◆ Prompt ◆
Where the line containing "Sideview of Machine" appears below, begin there and reproduce each line exactly through the last one, omitting pictures.
[[ Given information open ]]
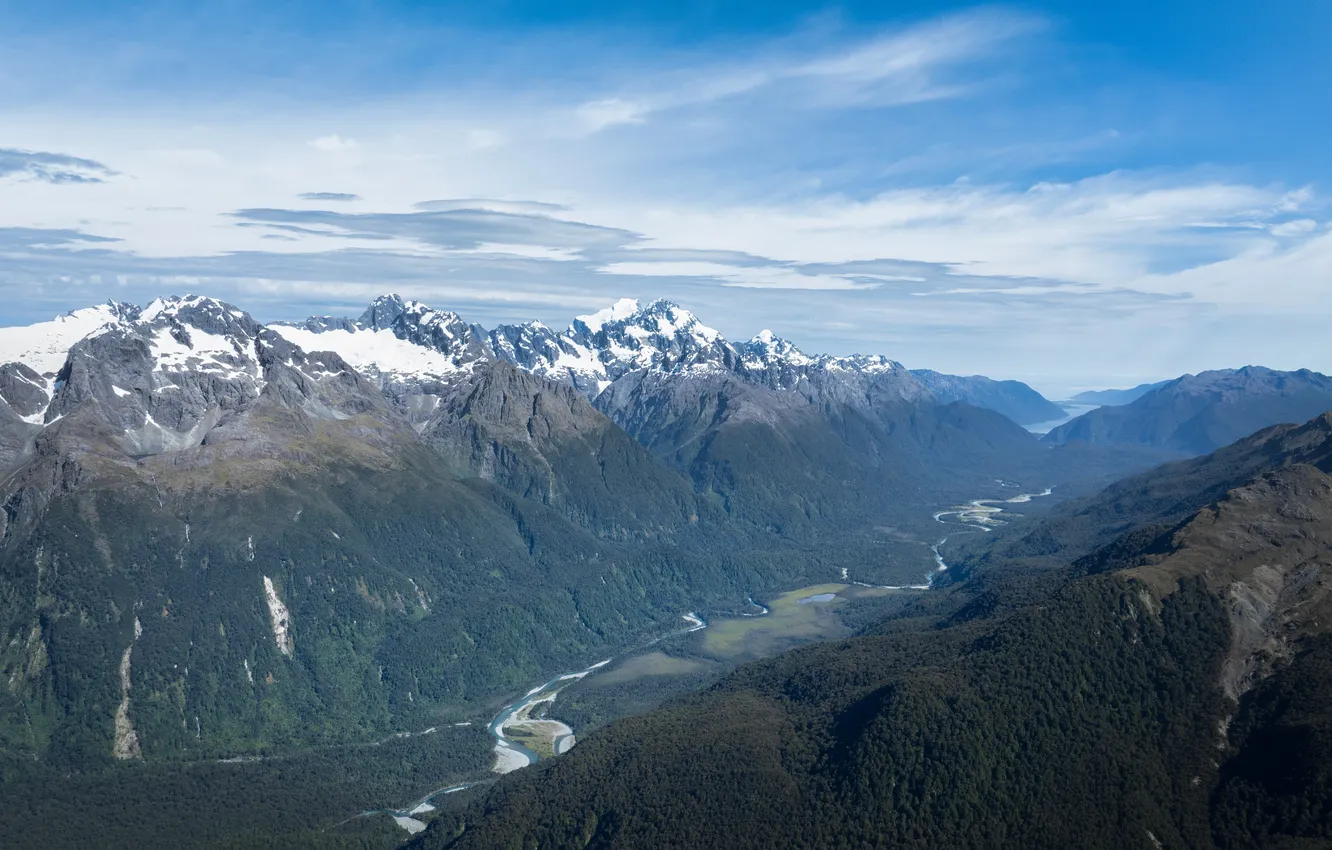 Photo wallpaper landscape, mountains, nature, valley, New Zealand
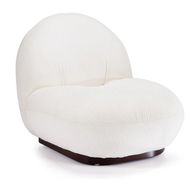 Chubby Chair With Upholstered Body & Wooden Base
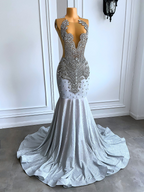 Women Silver Long Mermaid Prom Dress Sheer Mesh Luxury Sparkly Handmade Diamond Black Girl Prom Gala Gown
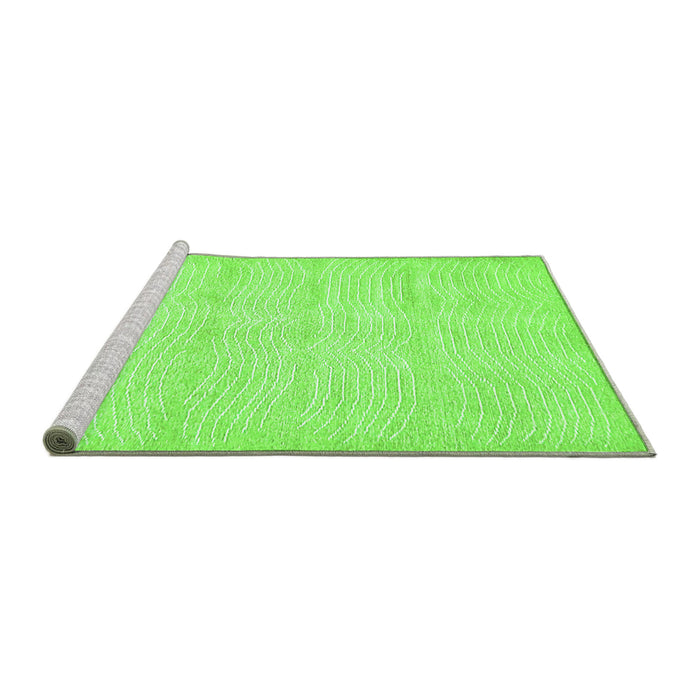 Sideview of Machine Washable Solid Green Modern Area Rugs, wshabs400grn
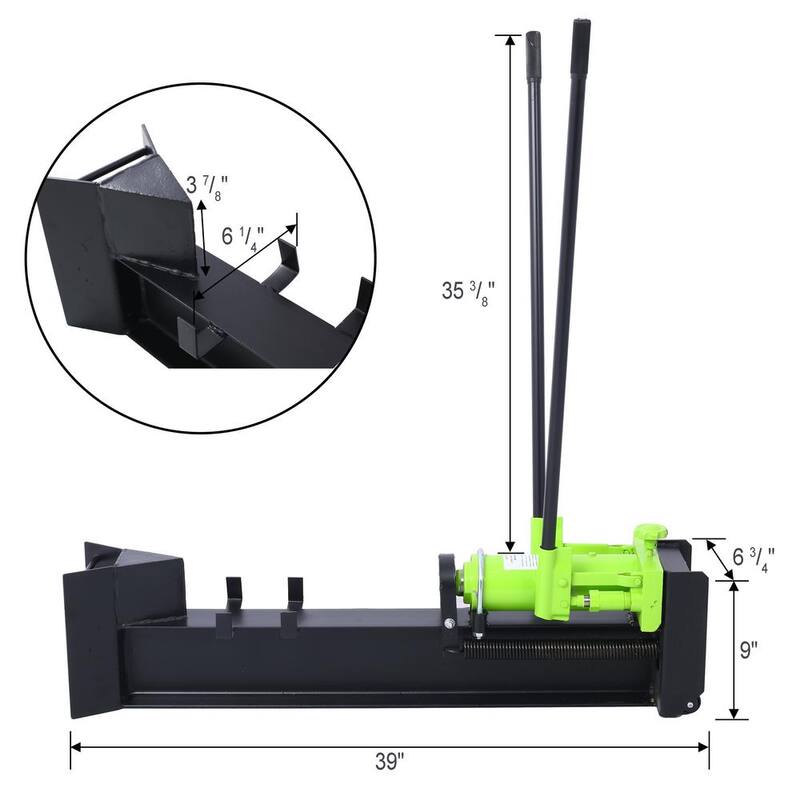 Huluwat 10-Ton Hydraulic Manual Wood Cutter Unit Log Splitter with Built -In Wheels, 0 cc Gas - S-132585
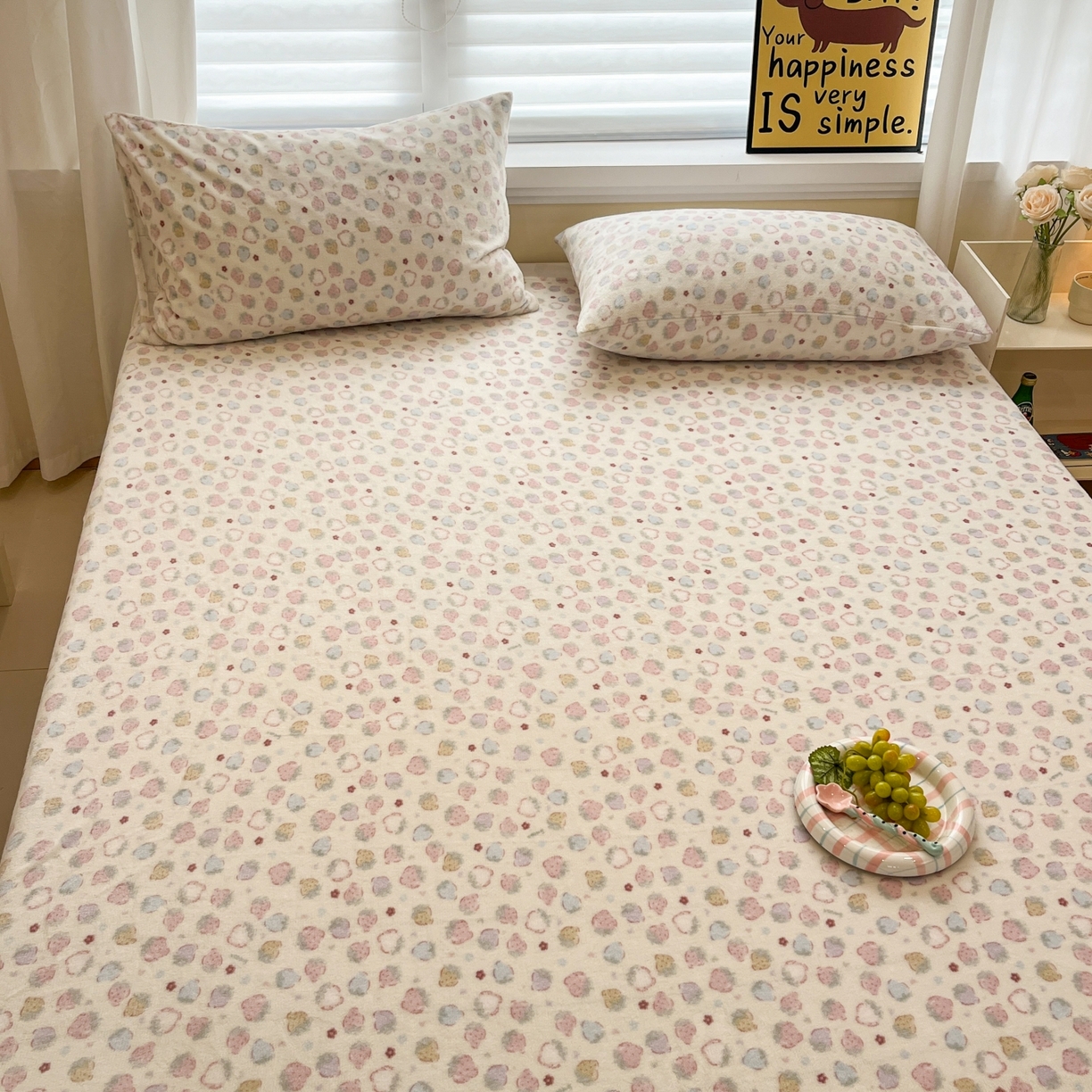 91家纺网 家纺一手货源 找家纺 小桃姐家纺 2025新款高克重牛奶绒印花床单单品床单床单单件 草莓多多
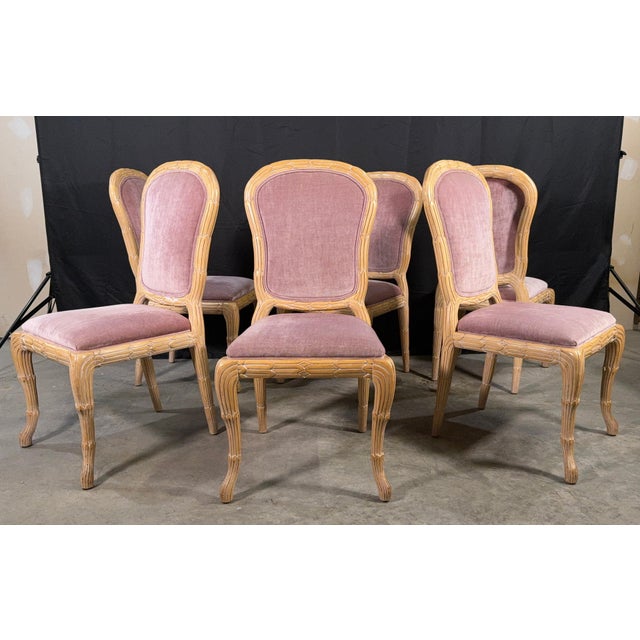 1970s c.1970's Carved Florentine Faux Bois Italian Dining Chairs in Velvet, Attributed to Chelini - Set of 6 For Sale - Image 5 of 16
[[ Given information closed ]]
◆ Result ◆
 Sideview of Machine Washable Solid Green Modern Area Rugs, wshabs400grn
 Huluwat 10-Ton Hydraulic Manual Wood Cutter Unit Log Splitter with Built -In Wheels, 0 cc Gas - S-132585
 91家纺网 家纺一手货源 找家纺 小桃姐家纺 2025新款高克重牛奶绒印花床单单品床单床单单件 草莓多多
 1970s c.1970's Carved Florentine Faux Bois Italian Dining Chairs in Velvet, Attributed to Chelini - Set of 6 For Sale - Image 5 of 16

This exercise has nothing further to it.